What is remortgaging?

When buying a home, most people take out a mortgage. However, you should not view this as a one-time purchase, but as an ongoing financial arrangement that needs regular attention. The terms of the mortgage deal you are offered may only stay in place for a few years, after which they may change. This can result in higher monthly repayments.

To ensure that you can still afford these repayments – and also keep them as low as possible – you will probably need to seek out new mortgage deals every few years. This is called remortgaging.

Reasons to remortgage

Although a full mortgage term is usually for around 20 to 25 years, a typical mortgage deal will last between two and five years (some lenders do offer ten-year deals). You may therefore have several different mortgage deals over the lifespan of your mortgage.

When a mortgage deal ends, the interest rate will change to the lender’s standard variable rate (SVR). This will usually be higher than the deal rate, and even if it isn’t, it may rise unpredictably.

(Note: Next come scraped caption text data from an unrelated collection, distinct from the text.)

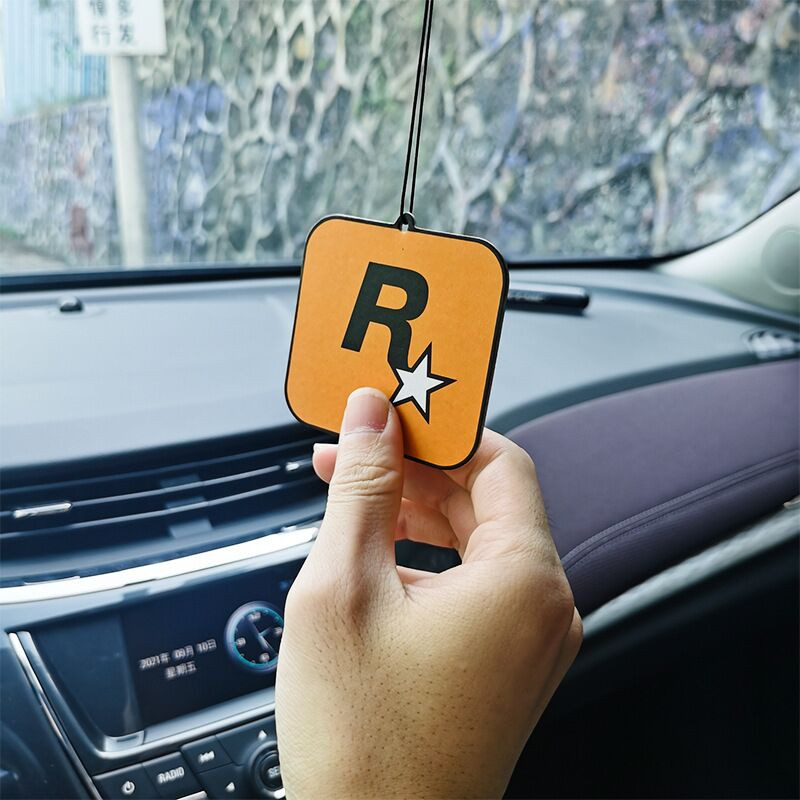 privjesak za auto svjež zrak u unutrašnjosti žuta R-zvjezdica mreža za trajno uklanjanje mirisa crveni nakit miris za auto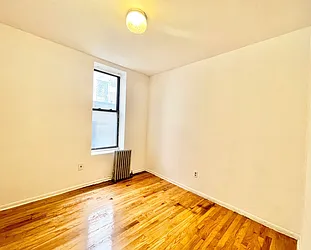Rented by Century 21 Premier 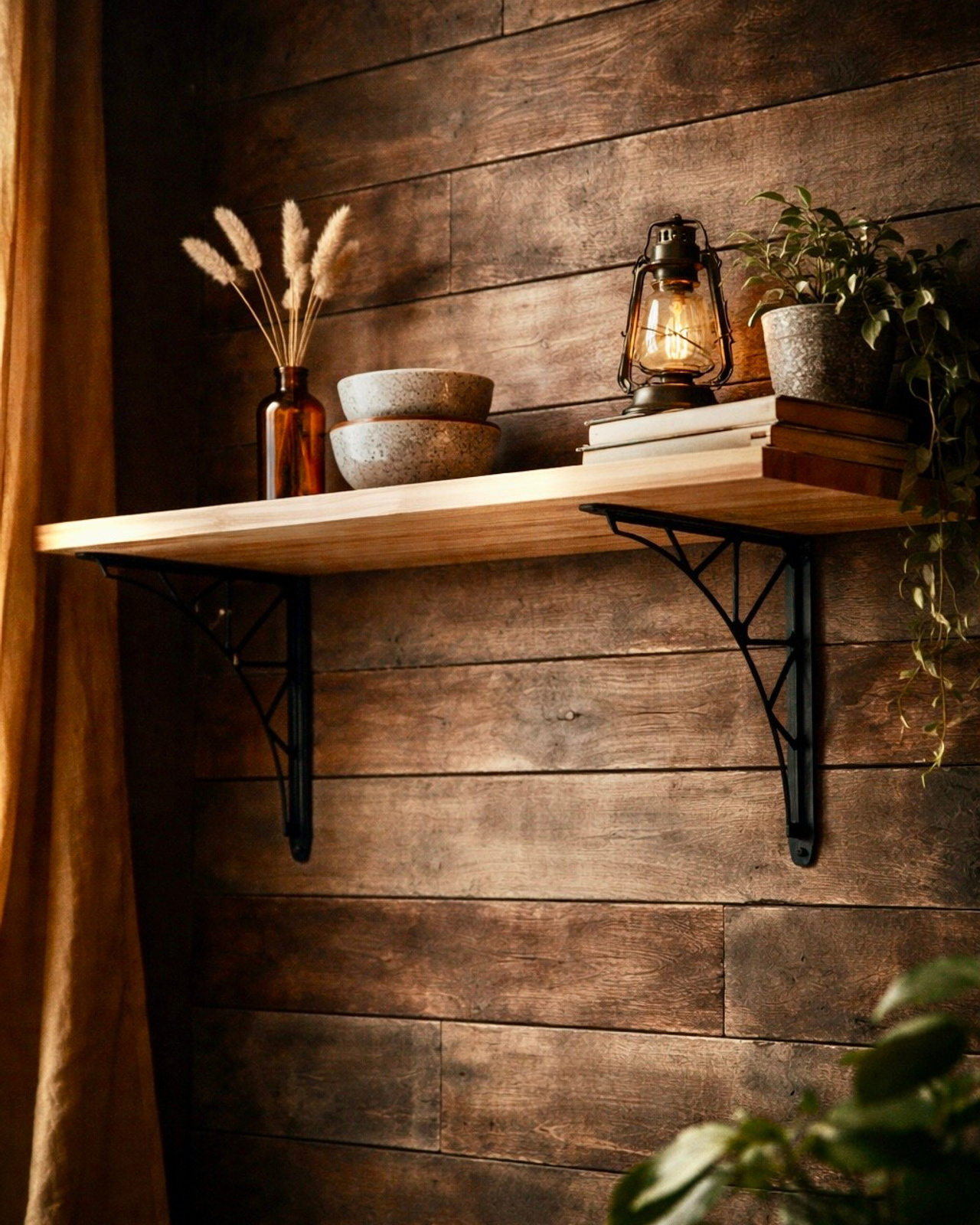 Уголки для полок в&nbsp;стиле железнодорожных мостов: сочетаем индустриальный шик с&nbsp;функциональностью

Here are some reasons why you might want to remortgage:

  • Your current deal is about to expire, which would push you onto the lender’s SVR

  • Your circumstances have improved, meaning you might obtain a better deal

  • Your home has risen significantly in value – this too could result in a better deal

  • You want to switch to a different kind of mortgage, such as a fixed, capped or tracker

  • You need a more flexible mortgage, such as one that can let you miss payments or make excess payments (useful if your income fluctuates)

  • You want to borrow money against your property

What are the costs of remortgaging?

The potential cost of remortgaging will depend on a number of circumstances, including the terms of your current mortgage and the deal offered by your new lender. Just as when taking out a mortgage for the first time, you will find that some mortgage deals have hefty arrangement fees attached, while others may have fewer up-front costs.

The fees to really watch out for, however, are any early repayment fees (also known as a redemption penalty) on your current mortgage. This is not the same as an exit fee (which is usually small) and may be up to 5 per cent of the mortgage value. A large redemption penalty may make the process too costly or just not worthwhile.

This is why, whenever you take out a mortgage, you should always try to think ahead to your next one. It is best to find a mortgage broker who will study the terms of any mortgage deal you’re offered.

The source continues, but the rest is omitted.